Début Mars 2015

5 1 0
                                    

La nuit était tombée il y a bien longtemps sur la grande ville de Saitama et le noir avait englouti toutes les chambres de l'hôtel. Le portable de Juliette, posé sur la table de chevet à côté de son lit, indiquait quatre heures trente du matin et des fourmis venaient de dévaler dans ses jambes jusqu'à ses pieds. Incapable de se rendormir depuis maintenant une heure, elle soupira, glissa ses jambes hors des draps encore légèrement humides puis s'étira doucement. Pour une fin de Février, Saitama n'était pas totalement glaciale, juste assez pour qu'elle se plaigne qu'il fasse froid et que Niall suggère quelques idées pour se réchauffer. Juliette étouffa un petit rire en le voyant froncer des sourcils. Elle n'était pas vraiment sûre de savoir comment il pouvait se rendre compte qu'elle quittait le lit alors qu'il dormait mais il lui faisait toujours le même coup et à chaque fois, elle étudiait avec précaution la possibilité de se recoucher. Cette nuit-là, Juliette choisit de le laisser inconsciemment bouder dans le grand lit et de sortir explorer l'hôtel avant qu'elle ne devienne folle. Elle pensait que marcher, prendre l'ascenseur, se dépenser finirait par épuiser le peu d'énergie qu'elle avait et elle remonterait ensuite se coucher, pour finalement s'endormir. Du moins, elle l'espérait vraiment fort.

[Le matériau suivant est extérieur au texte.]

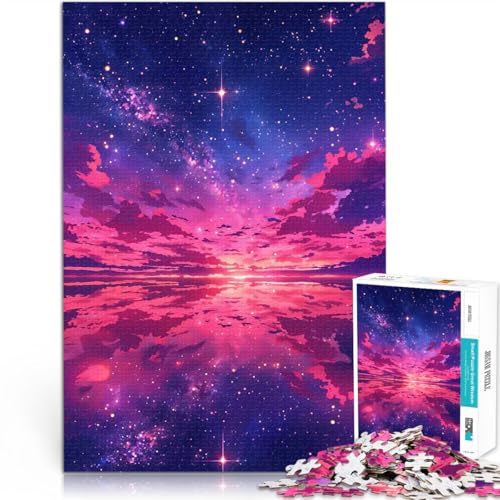 2000-teiliges Puzzle für Teenager Lernspielzeug für die ganze Familie Rosa Reflexionen Sternenhimmel Eltern-Kind-Interaktion70x100cm von LKASGCBY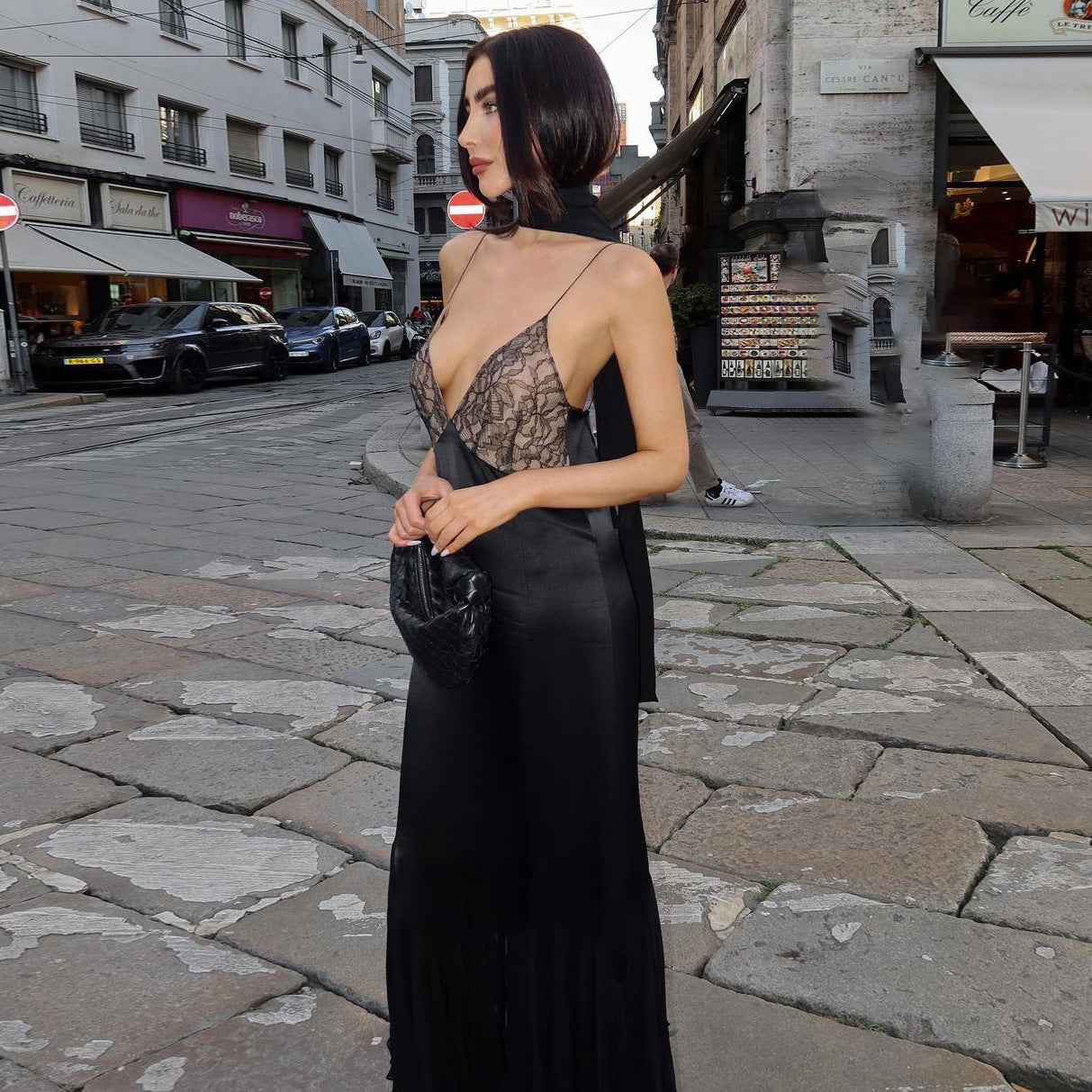 Corsé de encaje de retazos para mujer adulta, estilo sexy, ajustado, con dobladillo de red, vestido tipo cabestrillo para mujer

Dans les couloirs de l'hôtel, la lumière chaude l'enveloppa d'un certain sens de confort qu'elle traîna autour d'elle tout en resserrant le sweat qu'elle avait piqué dans le sac de Niall autour de son buste. Ses jambes la portaient là où elles en avaient envie, sans qu'elle n'ait à réfléchir et c'était aussi bien comme cela. Perdue dans le tissu molletonné bleu marine, elle tira sur le bord pour le rabattre correctement contre ses jambes. Elle se doutait bien que personne ou presque ne serait debout à cette heure mais elle ne voulait pas tenter le diable. Elle n'avait pas envie de faire face à quelqu'un du staff alors que le sweat de Niall recouvrait à peine ses fesses. Tant qu'à faire, elle préférait raser les murs et ne pas se faire voir.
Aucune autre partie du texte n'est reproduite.